Mathematical Language Processing

Run

compile the maven project
run the jar (mathoshpere-core-3.0.0-SNAPSHOT-jar-with-dependencies)
try java -jar mathoshpere-core-3.0.0-SNAPSHOT-jar-with-dependencies to see the list of possible commands
try java -jar mathoshpere-core-3.0.0-SNAPSHOT-jar-with-dependencies list -in *in file* --tex to extract the identifiers from a wikipedia article
try java -jar mathoshpere-core-3.0.0-SNAPSHOT-jar-with-dependencies extract -in *in file* --tex to extract identifiers and corresponding set of definitions from a wikipedia article
test data can be found in mathosphere-core\src\test\resources\com\formulasearchengine\mathosphere\mlp\performance and mathosphere-core\src\test\resources\com\formulasearchengine\mathosphere\mlp\gold
this project can also be run on a flink cluster for fast analysis of large text corpora

How to use the machine learning classifier

train & test

use test data from the eval_dataset.xml and gold.json
java -jar mathosphere-core-3.0.0-SNAPSHOT-jar-with-dependencies.jar ml -in eval_dataset.xml -out . --goldFile gold.json --tex --threads 10 --writeSvmModel --svmGamma 0.0185881361 --svmCost 1.0
this will yield a model and a string2vector filter which can be used to classify instances and detailed statistics of the 10-fold cross evaluation that precedes the training process.
if you provide several values for cost and gamma all possible combinations will be trained and tested (i.e. --svmGamma 0.018 --svmGamma 0.019 --svmCost 1.0 --svmCost 2.0).
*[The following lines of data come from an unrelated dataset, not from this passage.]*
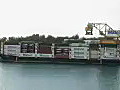 Royalty Free Stock Video HD Footage Tug Boat Passes by a Container Cargo Ship at the Port of Honolulu,  Hawaii
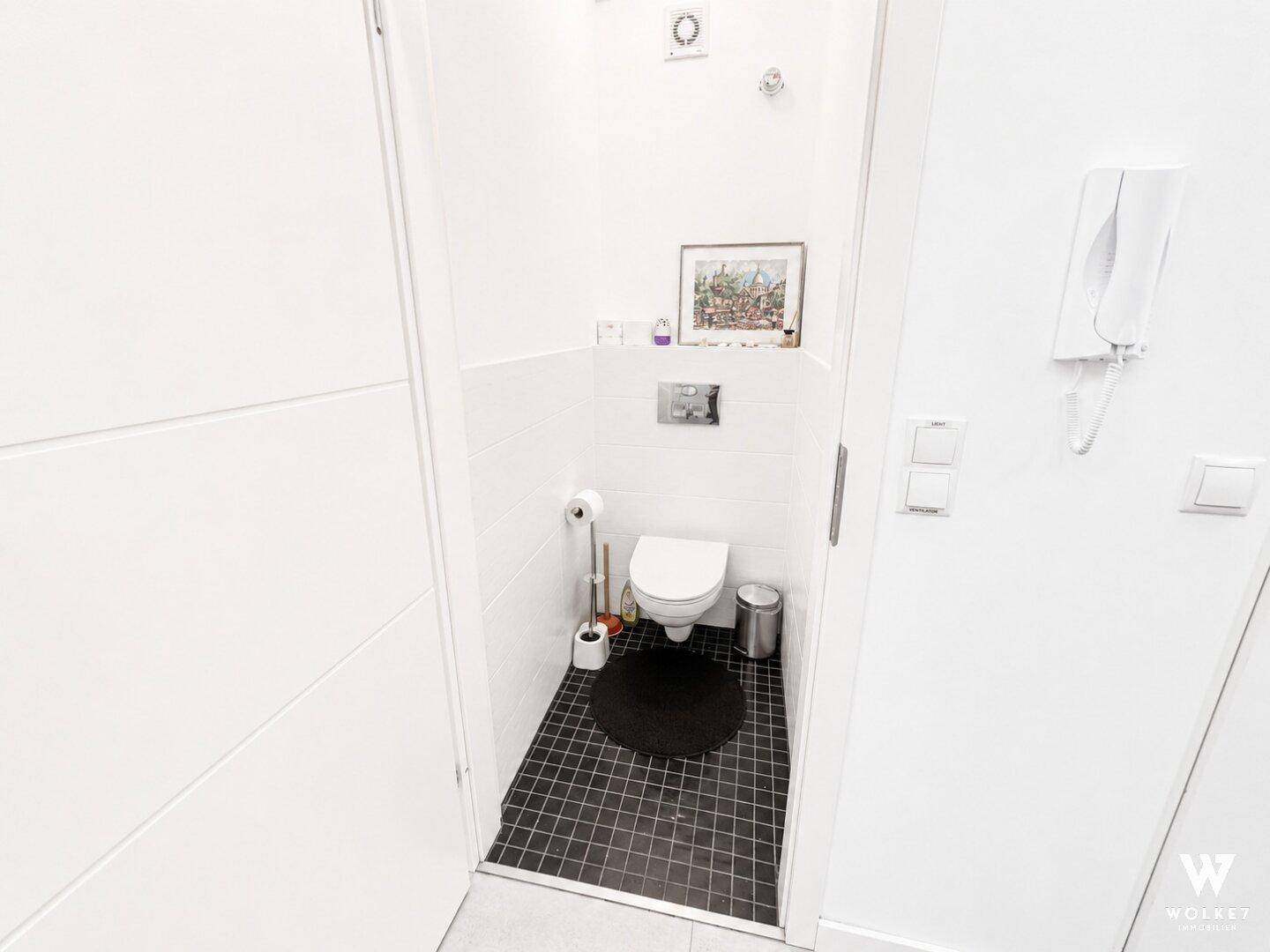 Kleines separates WC mit wandhängender Toilette und dunklen Bodenfliesen.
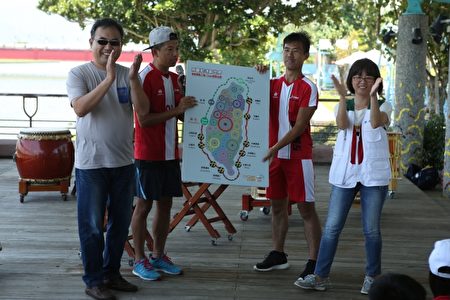 童玩節發言人張曜顯（左）與宜蘭家扶主任謝曉雯（右）在用雙腳轉動世界的台灣地圖上貼上標記。（曾漢東／大紀元）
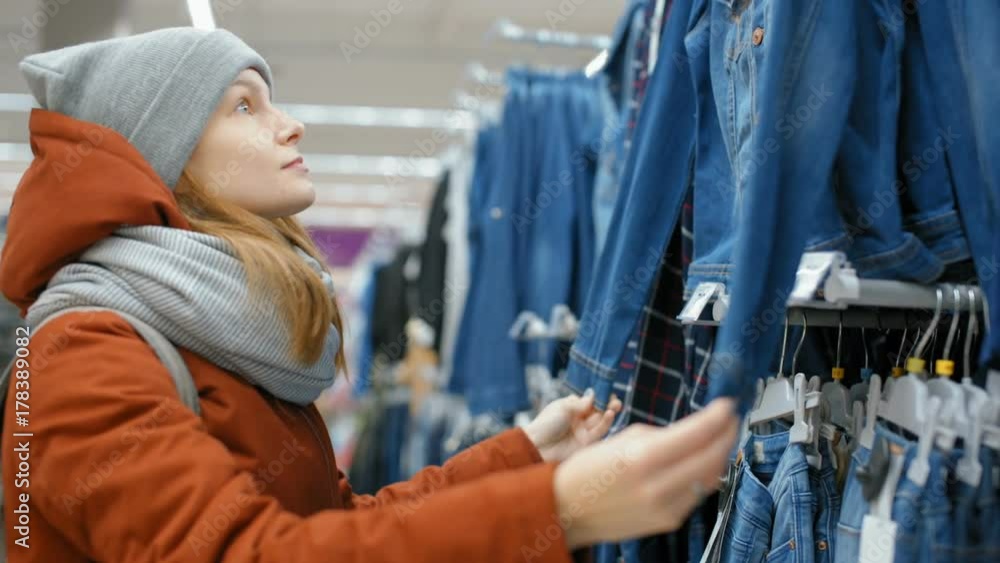 Young Lady is Choosing Jean Denim Jacket in the Big Shop with Clothes Young Lady is Choosing Jean Denim Jacket in the Big Shop with Clothes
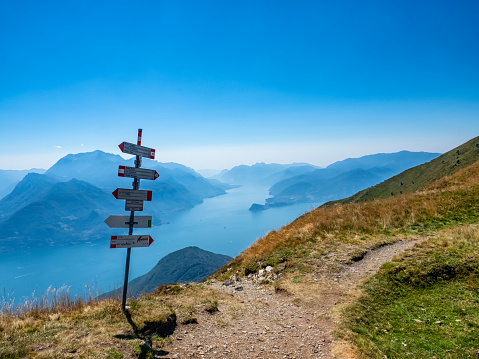 Trail signs on a path in the alps of Lake Como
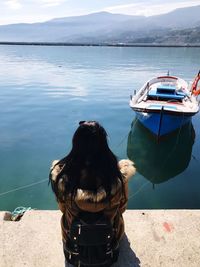 Woman with dog on sea against sky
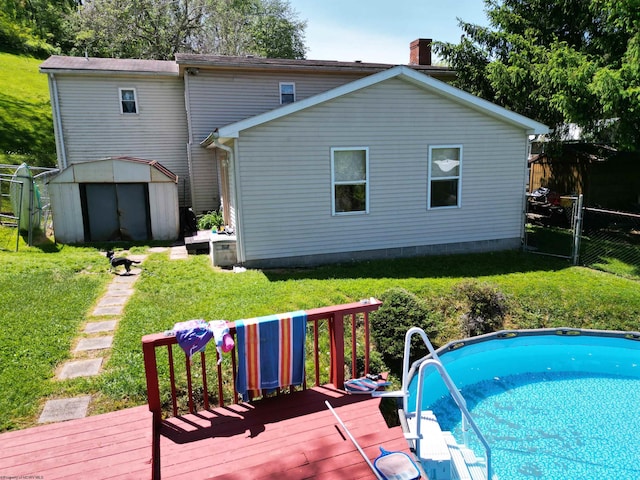 back of property featuring a wooden deck, an outdoor pool, a storage unit, a yard, and an outdoor structure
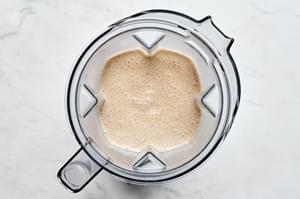 blender of homemade Irish cream liqueur made with condensed milk, whiskey, chocolate, vanilla, coffee, coconut cream & cream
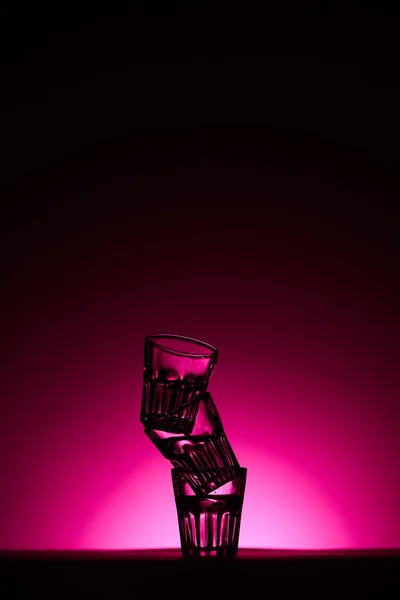 Pirámide de gafas sobre fondo oscuro con iluminación rosa — Stock Photo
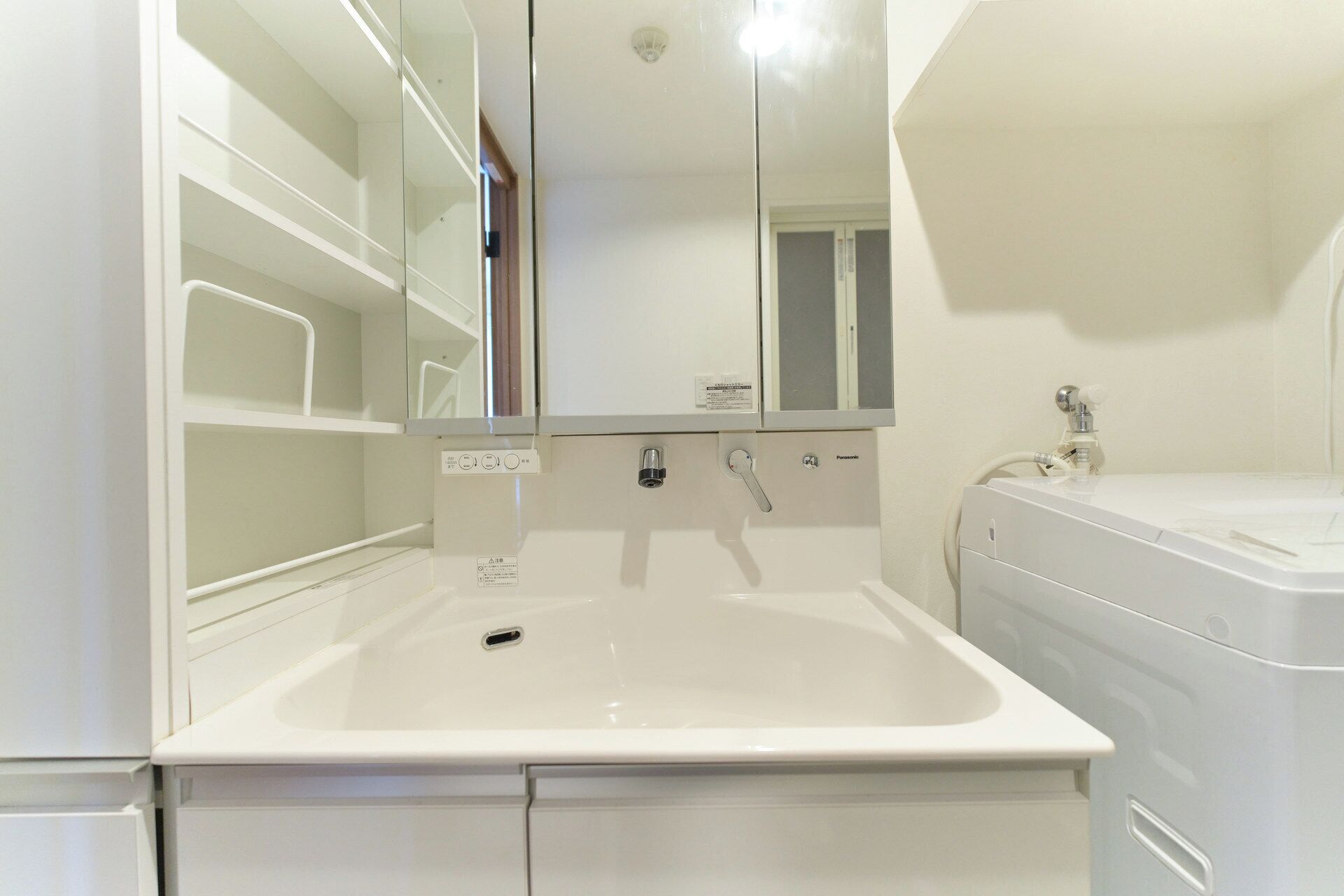 Une salle de bain avec un lavabo blanc, un miroir, des toilettes et un meuble de rangement.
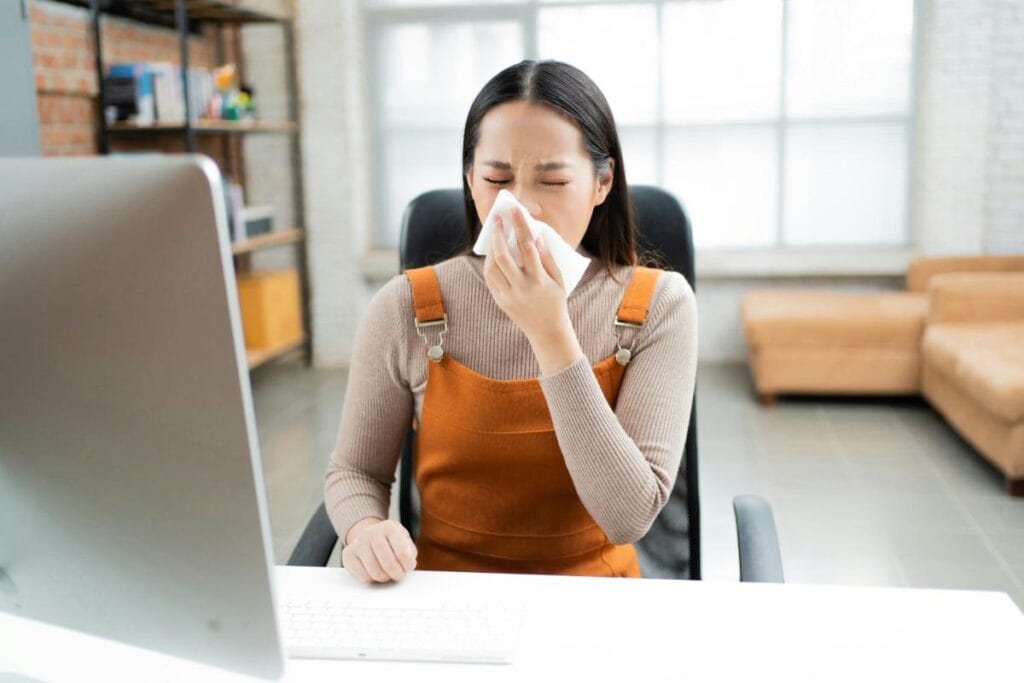 woman sneezing at her desk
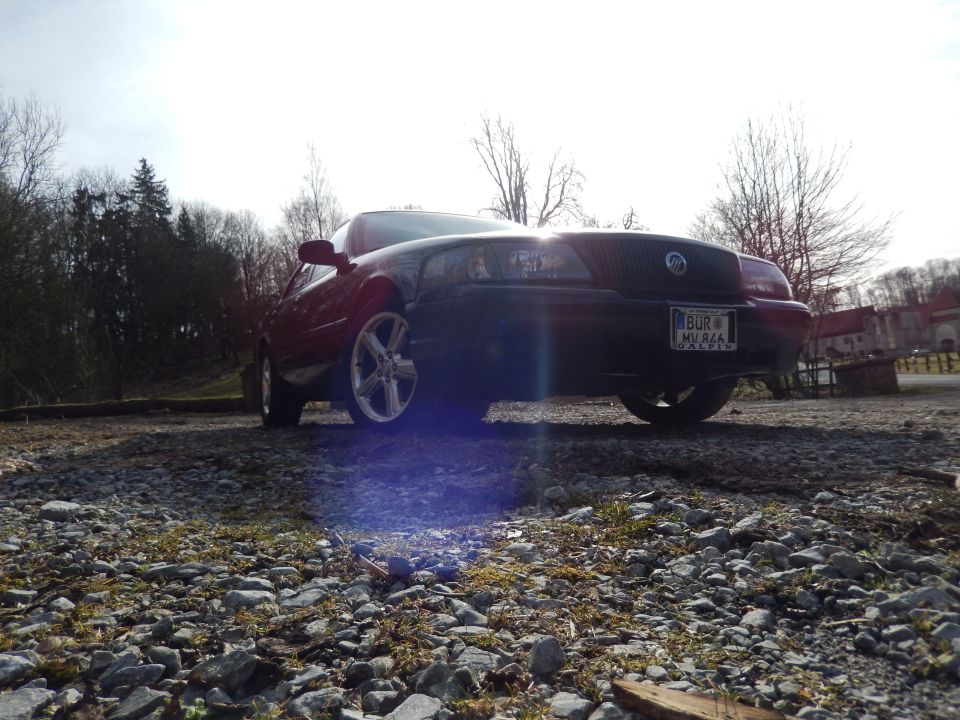 Black 2003 Mercury Marauder with chrome wheels, front view, parked on gravel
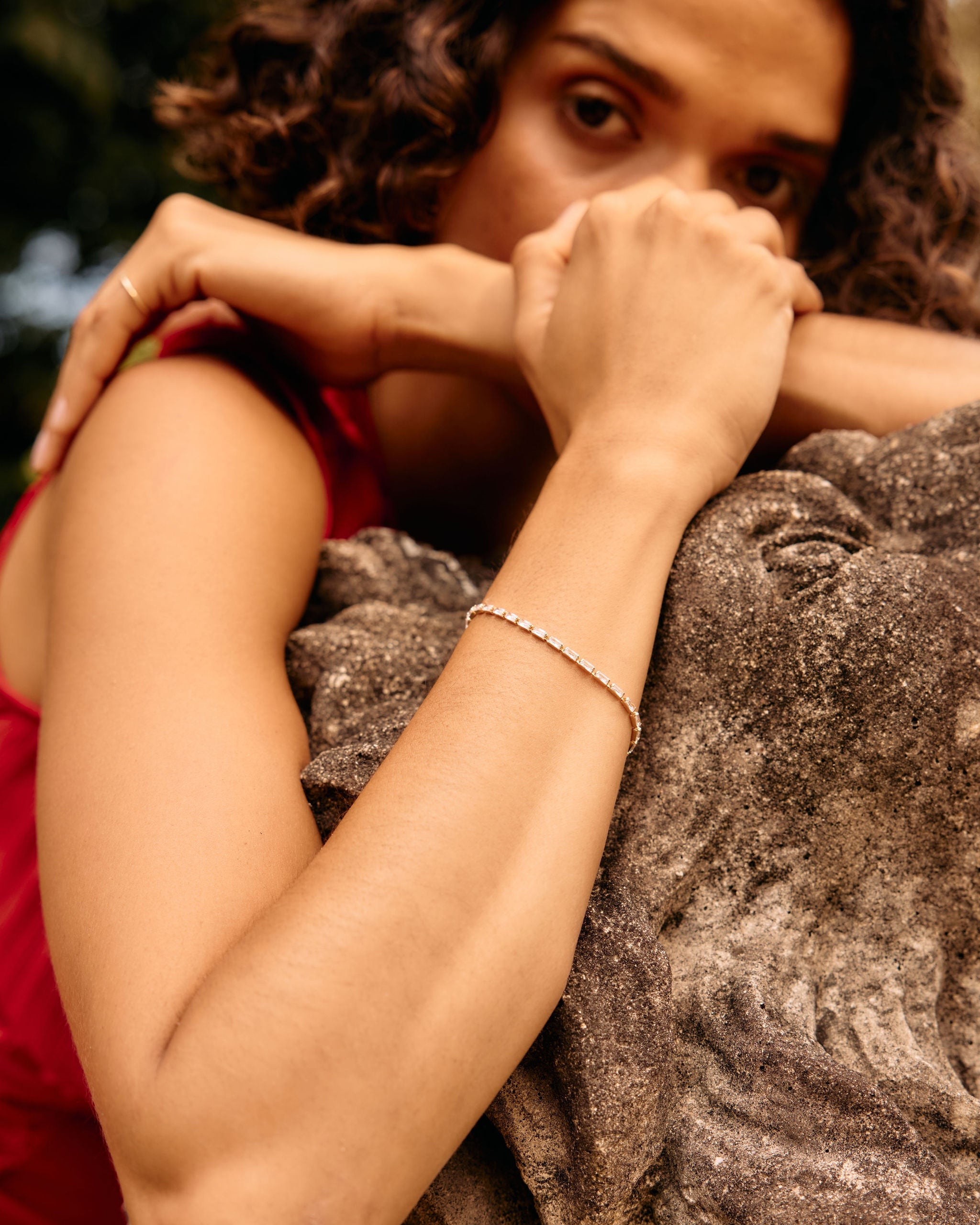 Woman in a red top embracing a stone sculpture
This can be used to find optimal svm parameters.
for faster tex extraction it is advisable to install mathoid locally and use the --texvcinfo parameter, e.g. add --texvcinfo http://localhost:10044/texvcinfo to the execution parameters.

classify

assuming yor machine has n cores, we advise you use n threads.
java -jar mathosphere-core-3.0.0-SNAPSHOT-jar-with-dependencies.jar classify -in *wikipedia dump*.xml -out . --tex --threads 10 --stringFilter string_filter_c_1.0_gamma_0.0185881361.model --svmModel svm_model_c_1.0_gamma_0.0185881361.model
The result of this will be a folder called extractedDefiniens/json with number of threads files containing he classifications in json format. Remarks:
eval_dataset.xml can be used to test the classification, but that is circular reasoning.
Always use a string2vector filters and a model that were trained in the same run, the results are otherwise undefined.
As before it is advisable to use a local mathoid instance.